**Task directions**
Exact copy, no pictures: output each line below as it stands.

++++++++

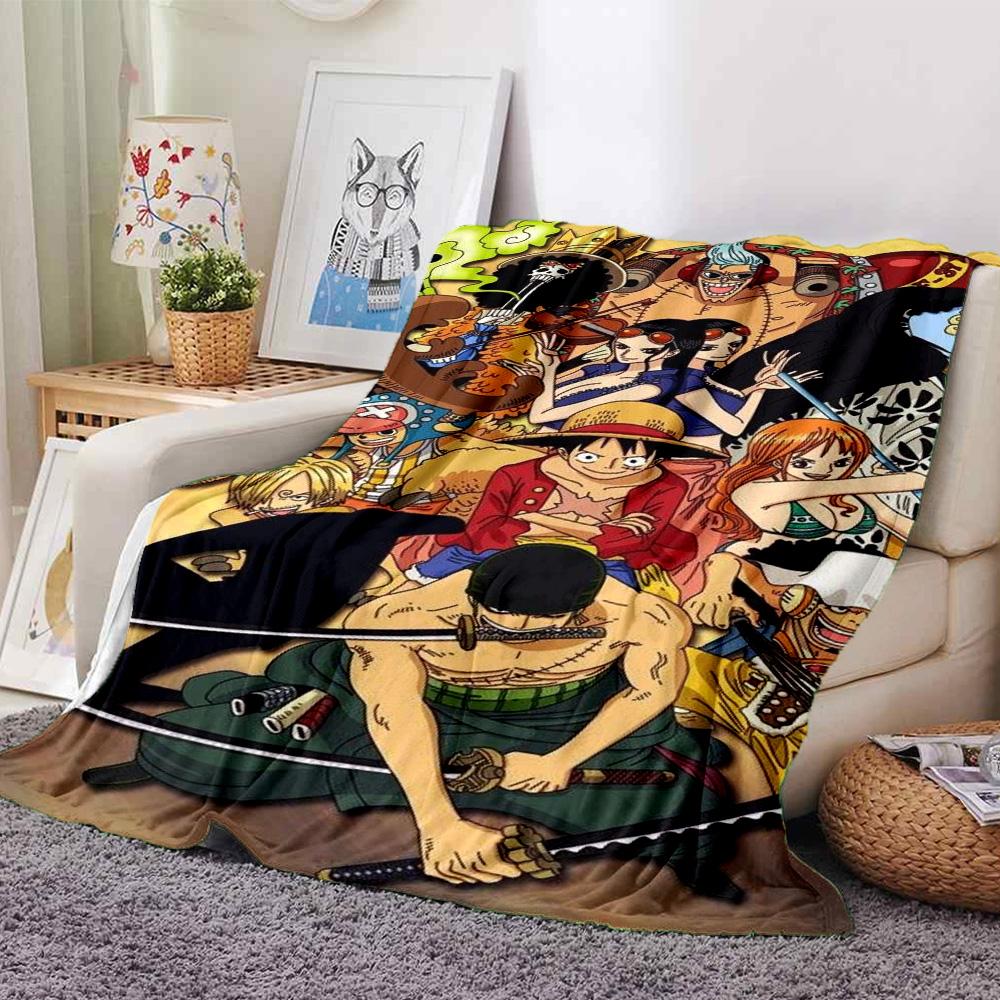 One Piece Adventure Flannel Blanket Super Soft Warm Cozy Blanket For Sofa Bed Office Travel Allseason Home Decor Gift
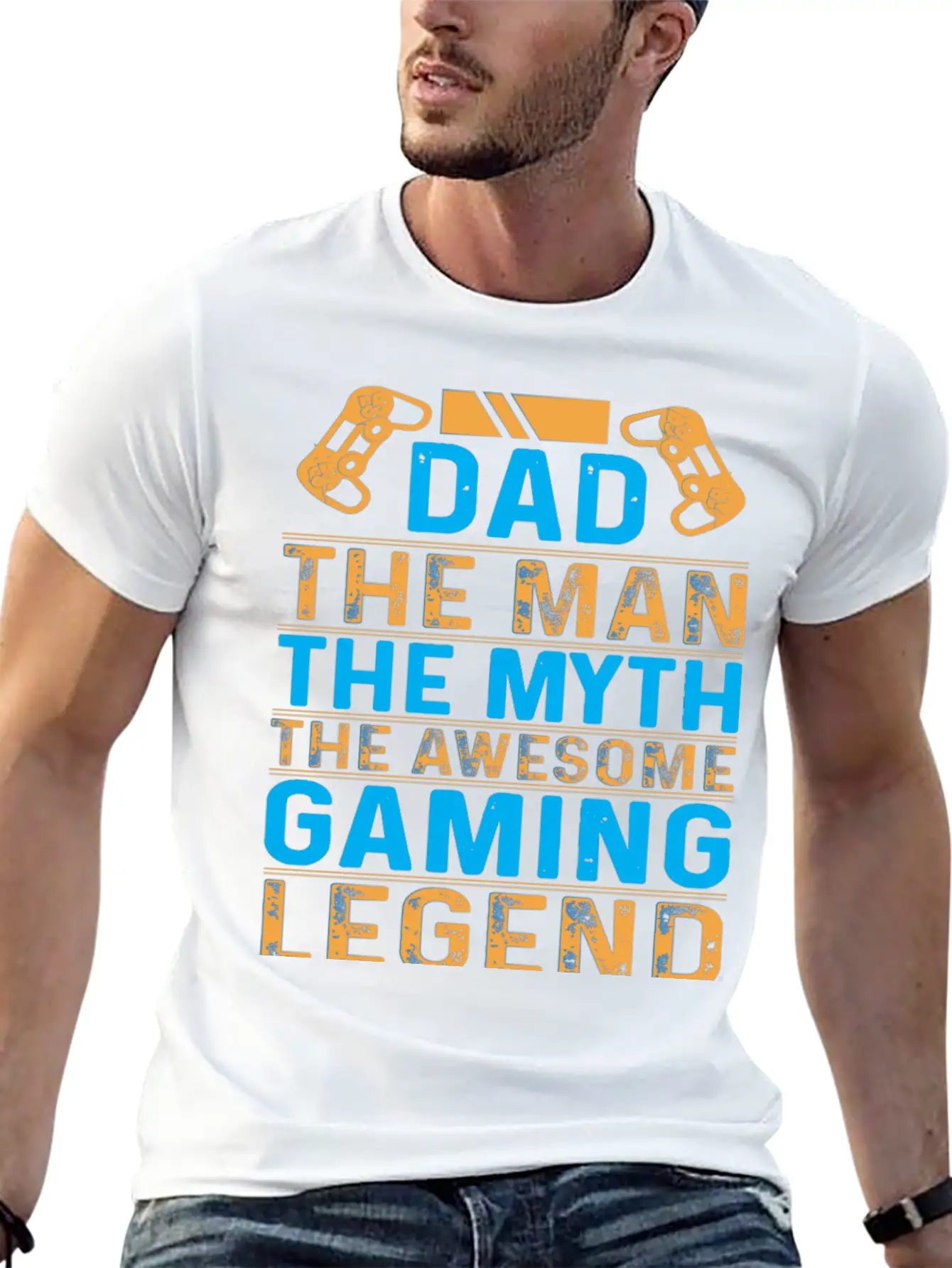 Dad The Man The Myth The Gaming Legend Stylish Everyday T-Shirt – Unisex Basic Cotton Tee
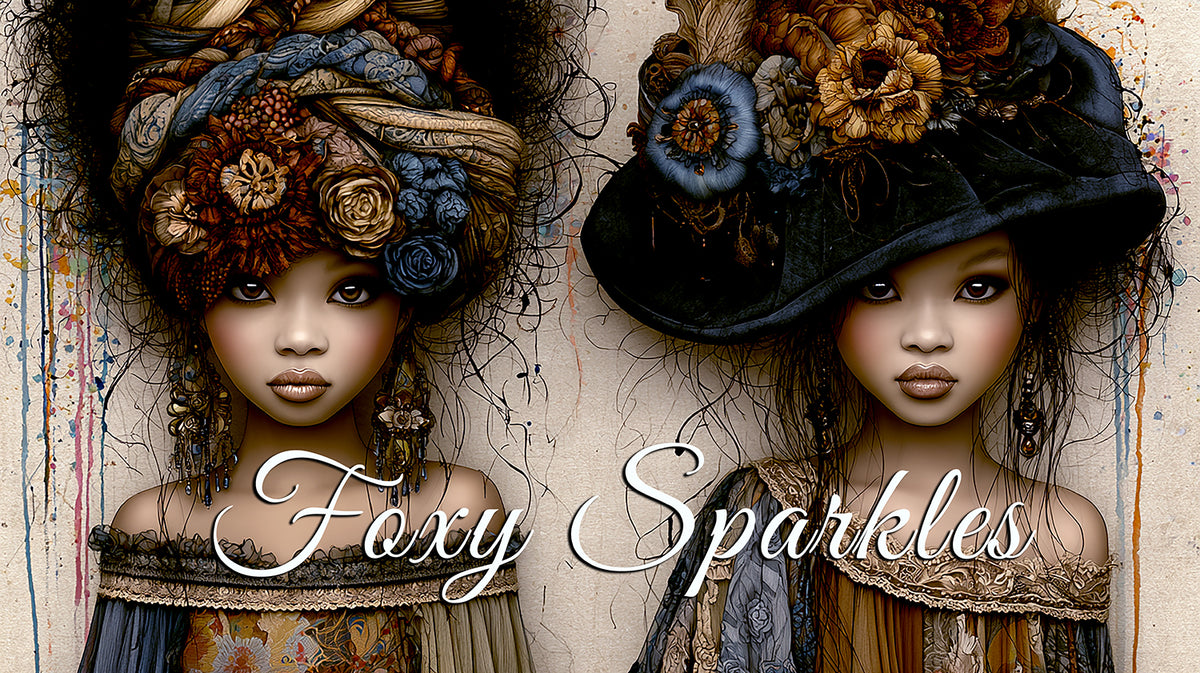 Dark Floral Royalty Sisters – Boho Victorian Digital Art Print | Foxy Sparkles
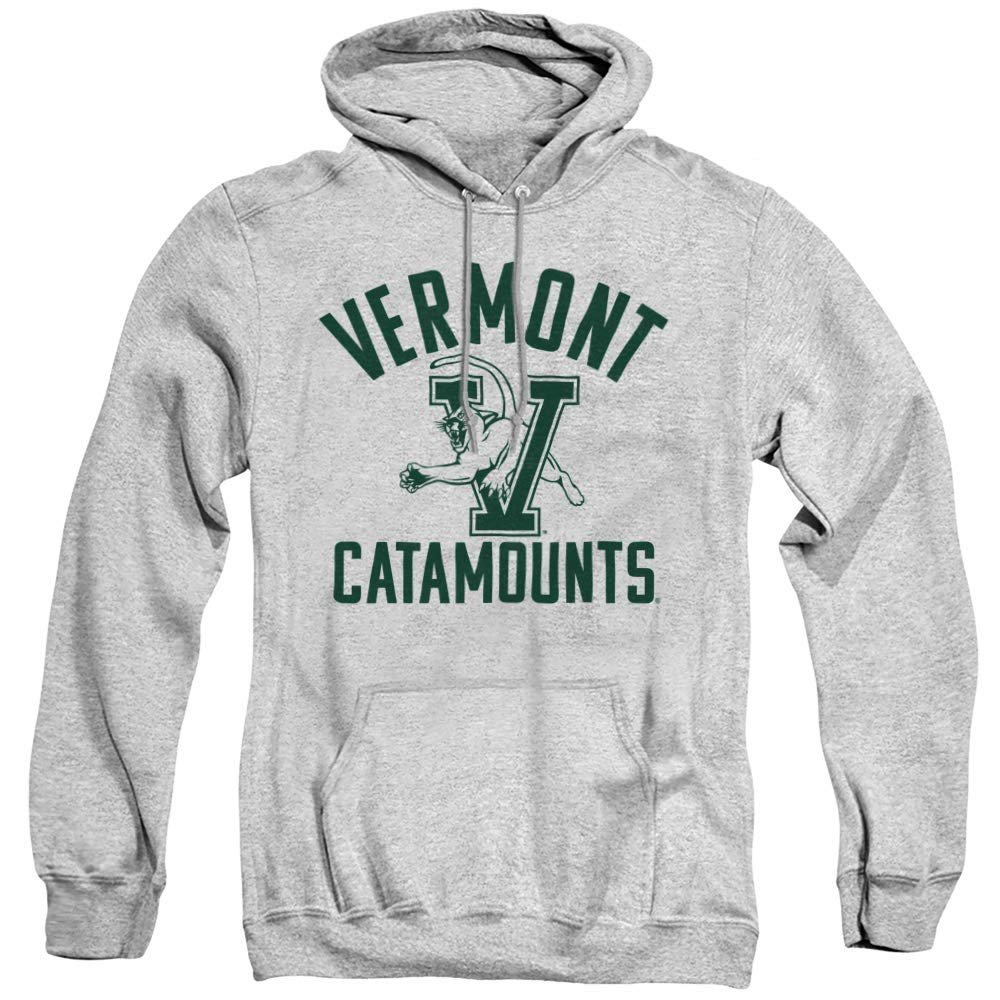 University of Vermont Official One Color Logo Unisex Adult Pull-Over Hoodie, Athletic Heather, 2X-Large
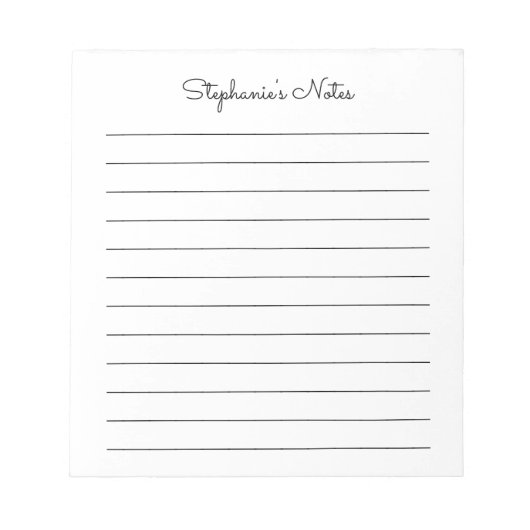 Bloc-note Simplement élégant Noir Linne Personnalisé (Devant)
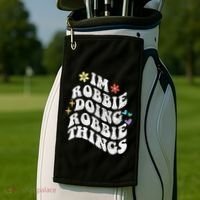 Retro Groovy Im Robbie Doing Robbie Things Funny MotherS Golf Towel thumb 2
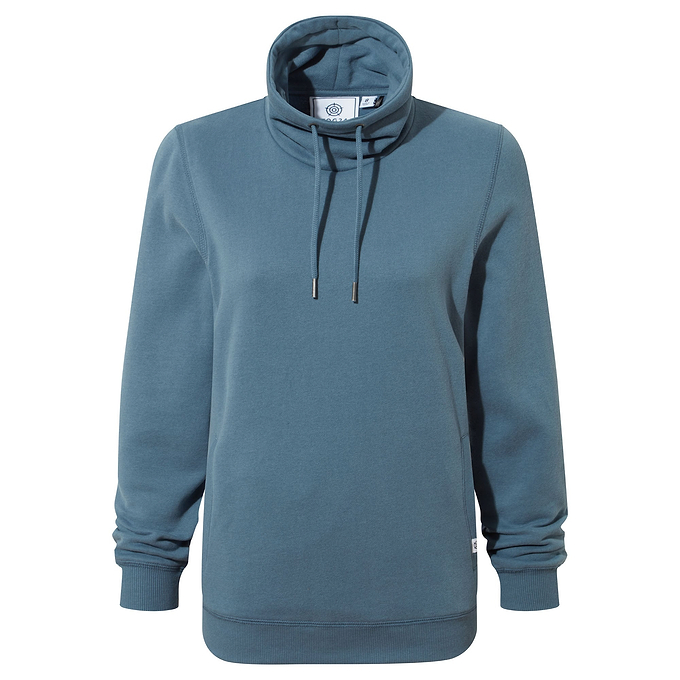Abigail Womens Funnel Neck Sweat - Blue Dolphin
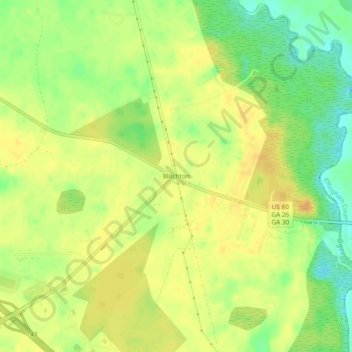Blitchton topographic map, elevation, terrain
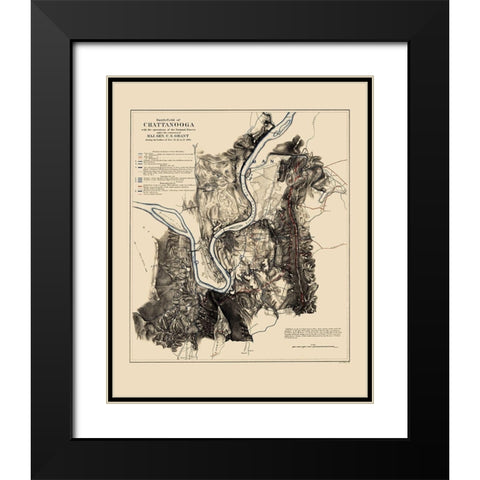 Battlefield of Chattanooga - Smith 1863 Black Modern Wood Framed Art Print with Double Matting by Smith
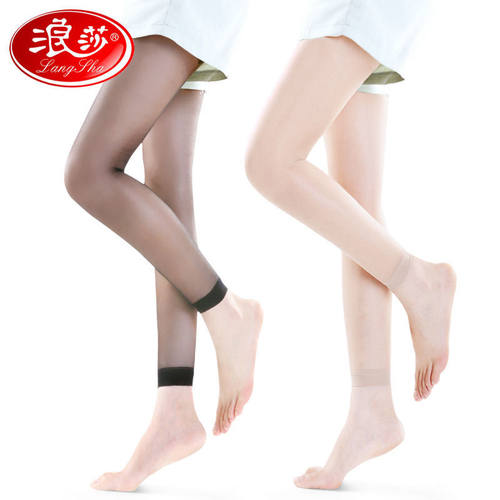 浪莎丝袜女夏季薄款九分长丝袜包芯丝打底裤加裆不连脚裤袜子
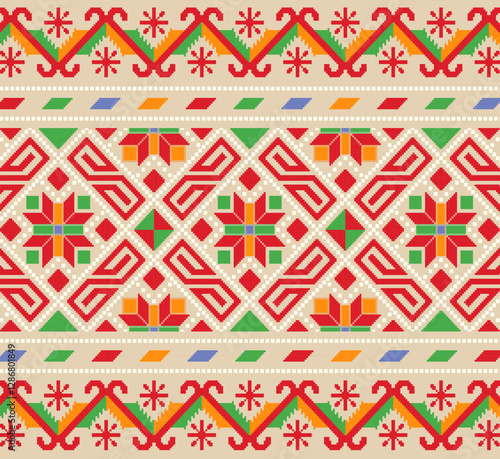 Abstract Decorative Ornament with Folk Elements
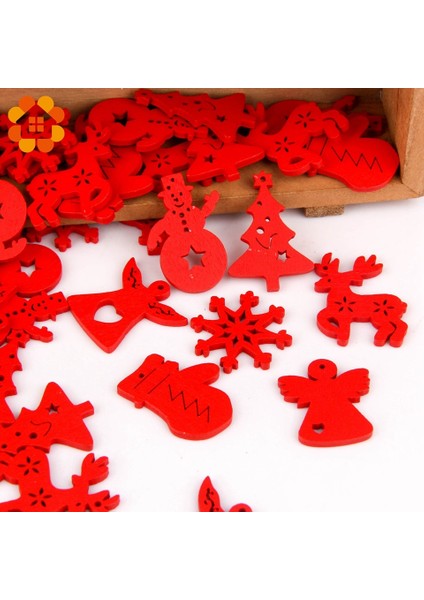 B-Kırmızı 50 Adet/grup Çok Renkli Noel Serisi Ahşap Yonga Kolye Yılbaşı Ağacı Süslemeleri Yıldız Kalp Kar Tanesi Noel Süsler Dekor (Yurt Dışından)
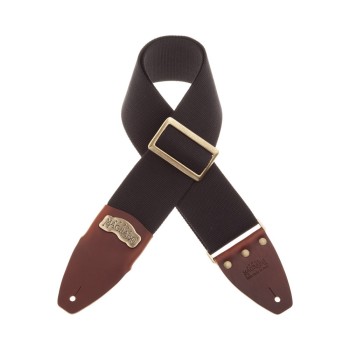 Stripe SC Cotton Nero 8 cm terminali Core Marrone, fibbia Recta Ottone - Magrabò Guitar Straps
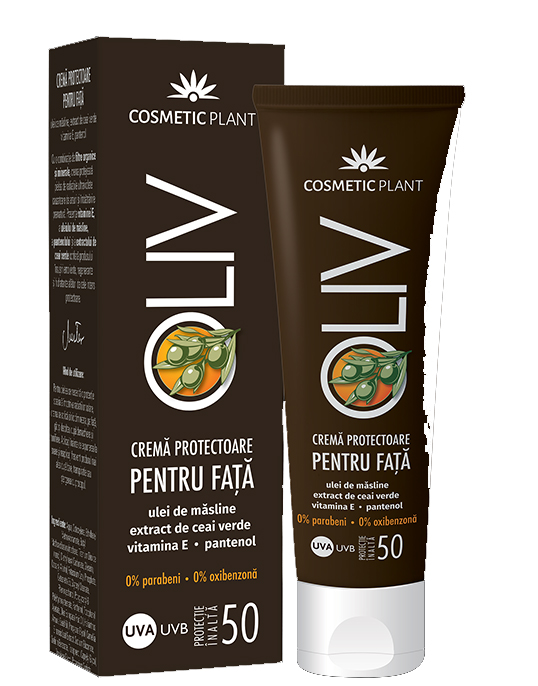 Crema Protectoare Fata cu Ulei Masline, Ceai Verde SPF50 Cosmetic Plant 50ml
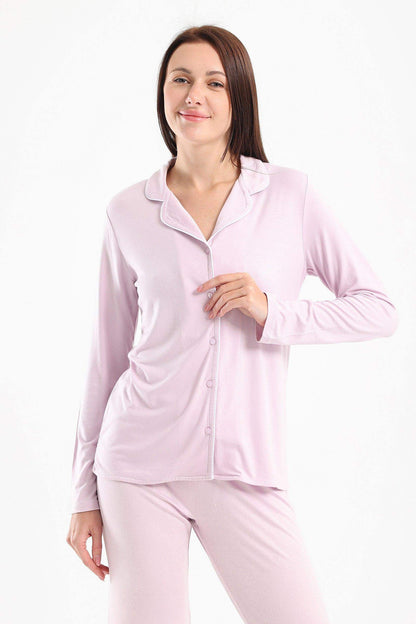 Piping Notch Collar Pyjama Set - Carina - ÙƒØ§Ø±ÙŠÙ†Ø§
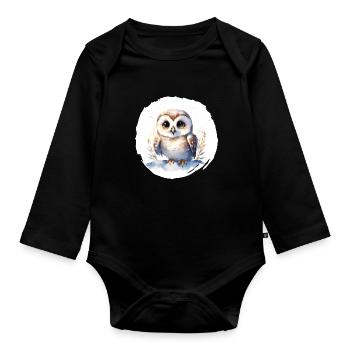 Harfang des neiges aquarelle - Body Bébé bio manches longues - noir - Devant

++++++++

**Response**
 One Piece Adventure Flannel Blanket Super Soft Warm Cozy Blanket For Sofa Bed Office Travel Allseason Home Decor Gift
 Dad The Man The Myth The Gaming Legend Stylish Everyday T-Shirt – Unisex Basic Cotton Tee
 Dark Floral Royalty Sisters – Boho Victorian Digital Art Print | Foxy Sparkles
 University of Vermont Official One Color Logo Unisex Adult Pull-Over Hoodie, Athletic Heather, 2X-Large
 Bloc-note Simplement élégant Noir Linne Personnalisé (Devant)
 Retro Groovy Im Robbie Doing Robbie Things Funny MotherS Golf Towel thumb 2
Abigail Womens Funnel Neck Sweat - Blue Dolphin
Blitchton topographic map, elevation, terrain
 Battlefield of Chattanooga - Smith 1863 Black Modern Wood Framed Art Print with Double Matting by Smith
 浪莎丝袜女夏季薄款九分长丝袜包芯丝打底裤加裆不连脚裤袜子
 Abstract Decorative Ornament with Folk Elements
 B-Kırmızı 50 Adet/grup Çok Renkli Noel Serisi Ahşap Yonga Kolye Yılbaşı Ağacı Süslemeleri Yıldız Kalp Kar Tanesi Noel Süsler Dekor (Yurt Dışından)
 Stripe SC Cotton Nero 8 cm terminali Core Marrone, fibbia Recta Ottone - Magrabò Guitar Straps
 Crema Protectoare Fata cu Ulei Masline, Ceai Verde SPF50 Cosmetic Plant 50ml
 Piping Notch Collar Pyjama Set - Carina - ÙƒØ§Ø±ÙŠÙ†Ø§
 Harfang des neiges aquarelle - Body Bébé bio manches longues - noir - Devant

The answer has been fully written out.